The Dartmouth Speech They Tried To Suppress
By Fred Elbel on 14 November 2018
I came across this speech and nearly passed it over as a ho-hum article about universal university insanity. But because it was a speech by David Horowitz, I was intrigued. I read the entire speech and recommend it to others. It contains a plethora of facts, relating both to the Mideast and to our American history. It soundly condemns identity politics and college Marxism.
The Dartmouth Speech They Tried To Suppress, by David Horowitz, FrontPage Mag, November 14, 2018. A few excerpts are included below:
Author's note: On October 23, I spoke at Dartmouth, at the invitation of College Republicans and Students Supporting Israel. Before I had even arrived, I was attacked as a racist, a sexist and a bigot, and one professor sent out a tweet urging students to disrupt my talk. In fact, nearly 100 Dartmouth radicals had already met and laid out an elaborate plan of disruption and attack, which in the event was made possible but the Dartmouth administrators in charge of “Security and Safety” who encouraged the chaos by refusing to enforce any rules of decorum. The Dartmouth school paper reported the chaos, not the speech. For details, click here. What follows is a transcript of my talk....
... A lot of you are actually paying $75,000 a year for an education. How could you not want to hear somebody who has different views from you? How do you learn, if you don’t?...
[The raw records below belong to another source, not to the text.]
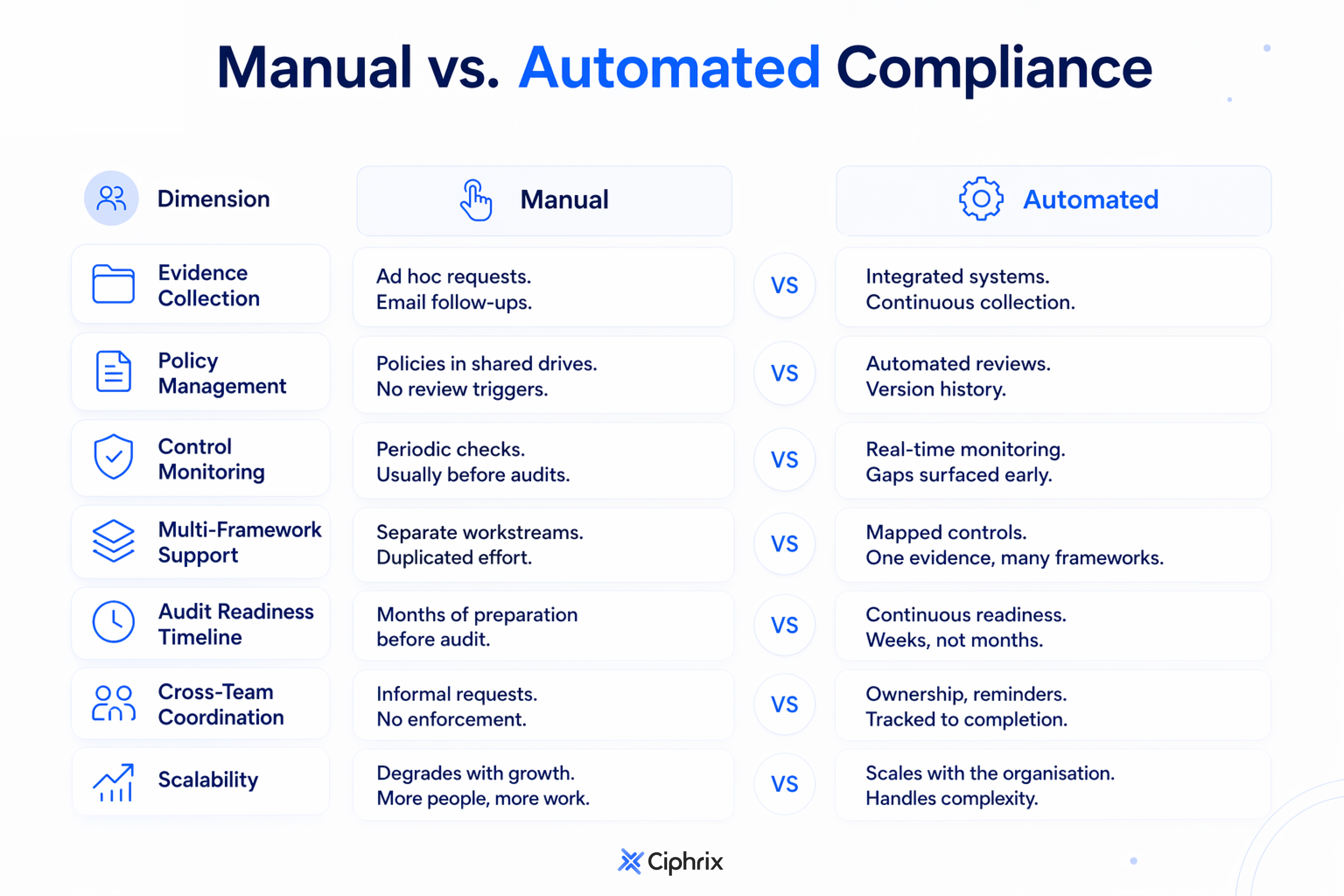 Manual vs Automated Compliance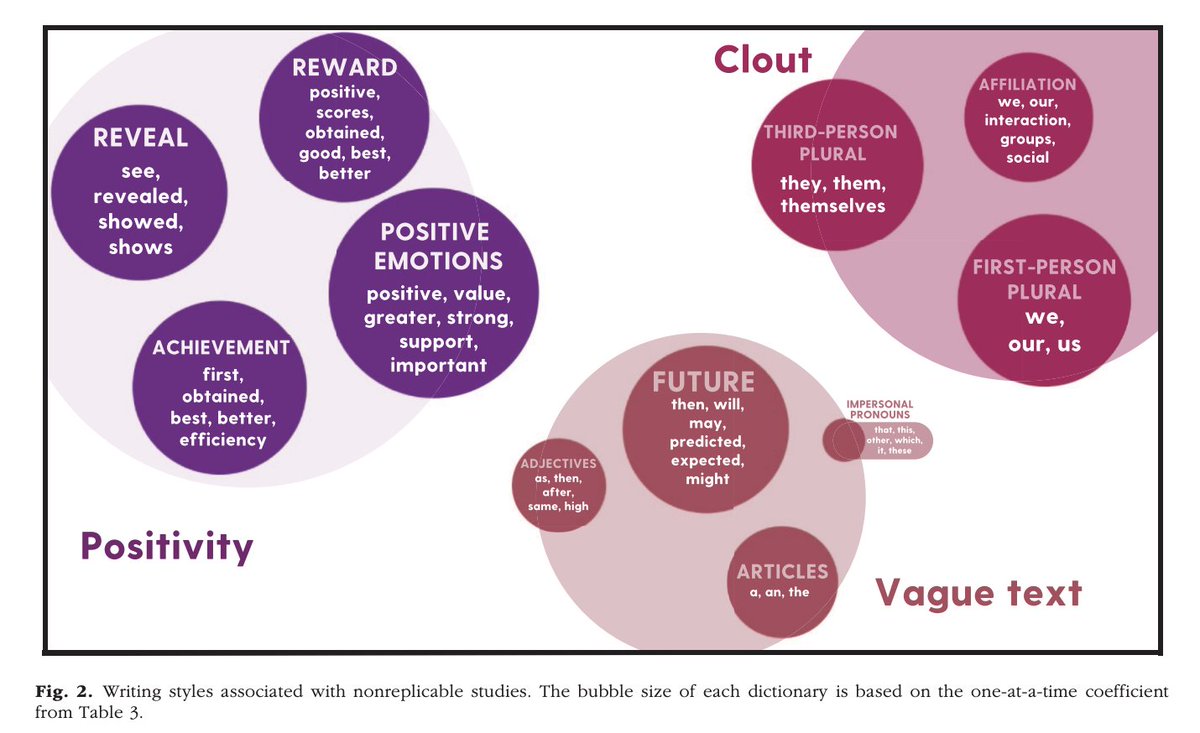 As analysis of 299 preregistered replications finds that nonreplicable studies, are vaguely written and have markers of persuasion techniques, such as the use of positivity ("showed", "first", "important") and clout ("we", "our"). journals.sagepub.com/doi/pdf/10.117…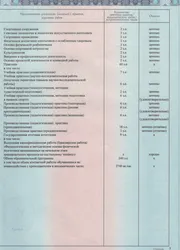 Фото приложения к диплому бакалавра по направлению «Педагогическое образование»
So what is the consequence of this purging of conservatives from Dartmouth’s faculty and administration? ... Last spring, the Office of Pluralism invited a Jew-hating, America-hating, terrorist-supporting, women-despising individual named Linda Sarsour to speak, and to speak as part of Asian Pacific Islanders Heritage Month. Come on. This is a joke, a very bad joke. They paid her $10,000 plus expenses.
The university didn’t give me a dime to come here. ...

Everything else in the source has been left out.